Should You Consider SSDs for OpenStack Swift Cloud Storage?

With an ongoing move in the industry to move towards building data centers with SSD based storage, there has been a lot of interest in the OpenStack Swift community to consider the faster I/O devices when deploying Swift based storage cloud, such as the discussions in [1], [2] and [3]. Cloud builders are interested in significantly increasing the limit of objects per container by using faster I/O devices. In these discussions a general consensus is to place the account and container databases on the faster I/O devices (e.g. HDD RAID 10 or SSD) for better performance. We expect the desire for ever faster Storage Clouds to increase as faster network infrastructures, e.g. Google Fiber become commonplace.

In this series of blogs we focus on using faster I/O devices in Swift and seek to answer the following questions:

(1) What kinds of workloads can benefit from using the faster I/O devices for the container and account services?

(2) How much extra performance can be expected?

We also evaluate which approach provides the best ROI when upgrading from non-RAID based HDD:

(1) Switch to the SSD-based container and account services, i.e. replace some regular HDDs with SSDs?

(2) Upgrade to HDD RAID (from non-RAIDED HDD) with lower upfront costs?

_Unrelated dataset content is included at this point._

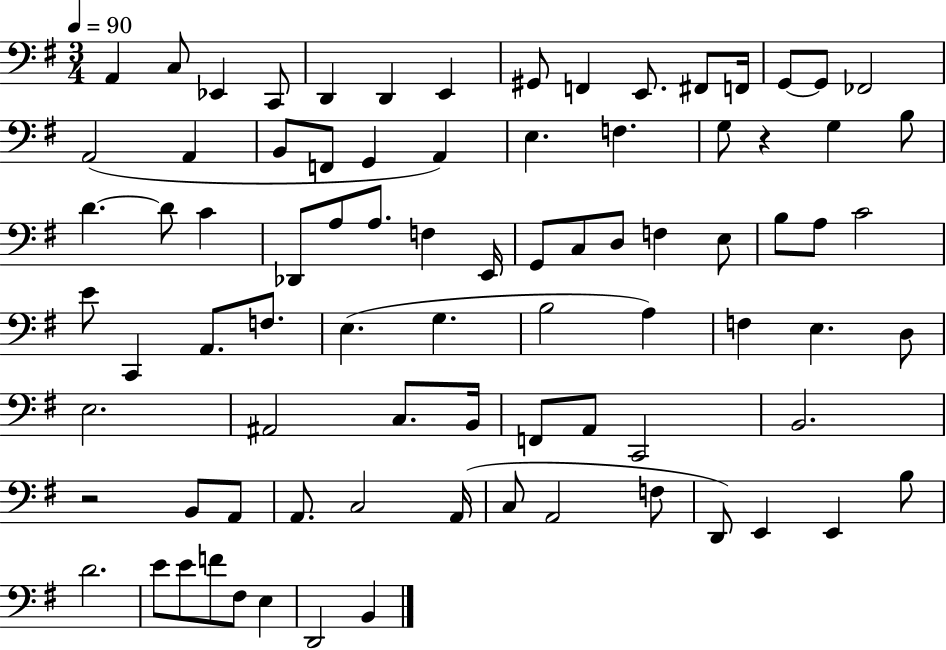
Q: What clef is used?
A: bass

(3) Or take potentially more convenient approach and install more main memory in each storage node to increase the file caching effect without upgrading the I/O subsystem?

Let’s start with answering the question on how much extra performance can be expected by using SSDs.

Experimental Results

1.    Workload Generator

Our workload generator for our benchmark test is Swift-bench, which can directly send workloads to a Swift instance.  Using Swift-bench we will benchmark three common operations for the Swift Cloud: upload an object (#PUTs/sec), download an object (#GETs/sec) and delete an object (#DELETEs/sec). Swift-bench allows us to tune the workloads based on the following parameters:

object_size: defines the size of an object (or a file) that will be uploaded. In our tests, we use 40 KB as the object size parameter.

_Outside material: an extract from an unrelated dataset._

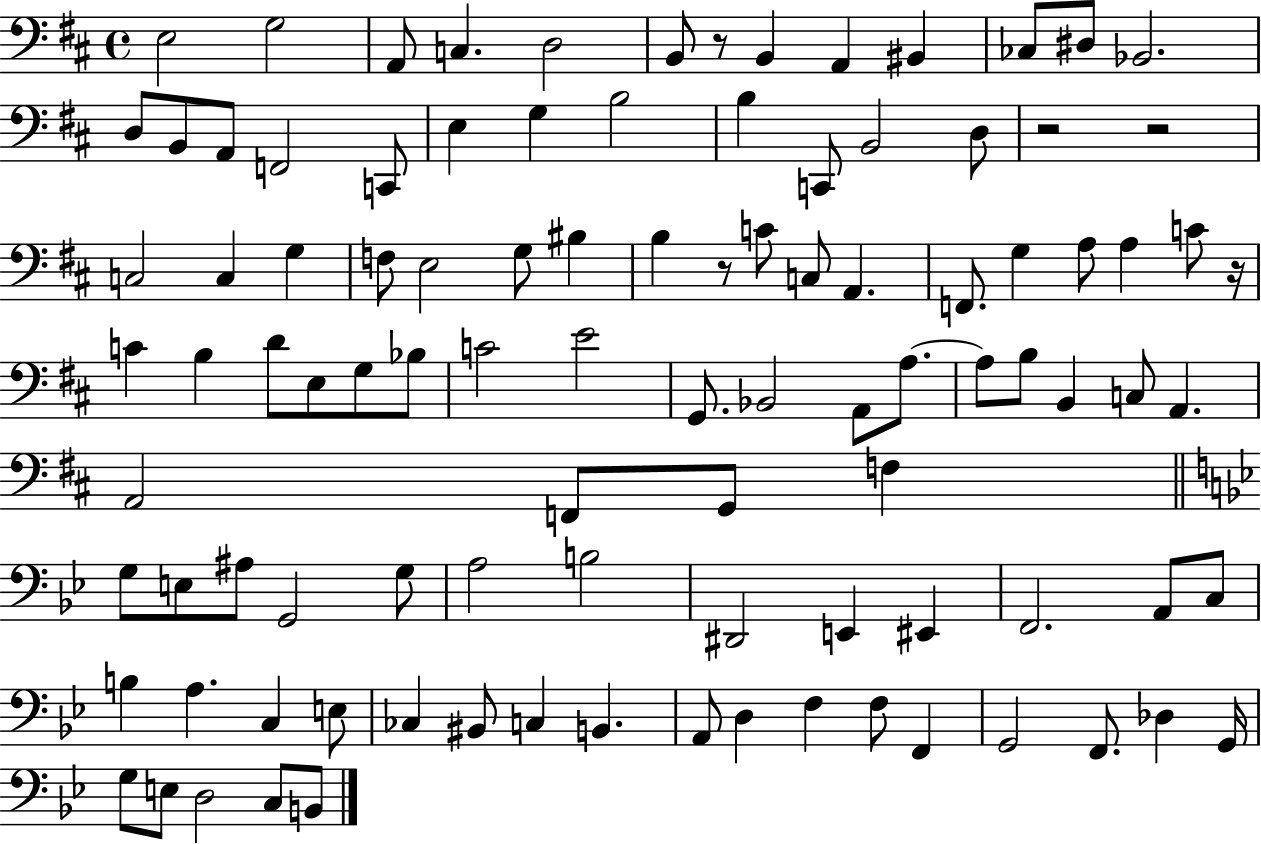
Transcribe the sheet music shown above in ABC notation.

concurrency: defines how many concurrent threads will be launched for a benchmark test. In order to saturate the Swift Cloud, we set 256 to be the concurrency parameter.

num_objects: the number of objects in total that will be uploaded to Swift. Here, we use 1 million for this parameter. Given each object size is 40 KB, the total size of the objects to be uploaded is 40GB.

num_gets: the number of objects in total that will be downloaded from Swift. To be equivalent to the num of objects parameter, we use 1 million here.

num_containers: the number of containers that will be created for storing the objects. The objects are uniformly distributed across all containers. Since we want to see if this parameter will affect the performance of the Swift Cloud, in our tests we use two values for this parameter: 10K and 20K.

2.    Testing bench

(Some of the initial testing for this blog was done on SSDs provided by STEC, Inc. We thank STEC for their contribution to this study.)

We leverage the following two types of EC2 instances to implement a small-scale Swift cloud with one proxy node and two storage nodes.

Proxy node: EC2 Cluster GPU Quadruple Extra Large Instance (22 GB of memory, 33.5 EC2 Compute Units)
Storage nodes: EC2 High I/O Quadruple Extra Large Instance (60.5 GB of memory, 35 EC2 Compute Units, 2 SSD-based storage volumes)

Each storage node attaches 20 EBS volumes for storing the objects. All EBS volumes are homogenous and each EBS volume is 25GB.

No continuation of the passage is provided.